COLORBEARER OF ATHENS, GEORGIA LOCALLY OWNED SINCE 1987
April 25, 2012

Lazer/Wulf

There Was a Hole Here. It's Gone Now.

Lazer/Wulf can play their instruments. This much has always been clear. From the tense, finger-tapped opening bars of “We Will Meet Again,” the first track on the group’s ambitious new EP reaffirms their status as maniacal, prog-obsessed precisionists. But this only tells half the story. The thing that has characterized the Athens-cum-Atlanta act’s music from the start, the quality that has always served to save it from the hardhearted tech-rock doldrums to which so many like-minded acts fall prey, is a manifest humanness, a fleshy counterpart to the harsh and unyielding steel. L/W’s music is often machinelike, true, but it isn’t, in fact, the sound of machines as much as the sublimative and unpredictable sound of the mad scientists operating them.

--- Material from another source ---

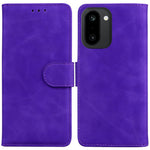 mobilskal till OnePlus Ace 6 5G / Ace 6T 5G / 15R 5G enfärgat läderplånboksfodral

And L/W are madmen. Look above: I described this EP as “ambitious.” Weird, right? For an extended play (this one clocks in at a laughably terse 12 minutes), There Was a Hole Here. It’s Gone Now is ridiculously far-reaching, a psychotic compendium of four interwoven movements that induce exhaustion and exhilaration in equal measure. TWAHHIGN is the sort of record that’s almost too much to take. Listening to it over and over, I veered back and forth between wanting to term it the best thing ever and a distended, unendurable mess. But the reality is, it’s neither. It’s untamable, unknowable: the sound of a band that can sure play its instruments but also refuses, to its everlasting credit, to play by the rules.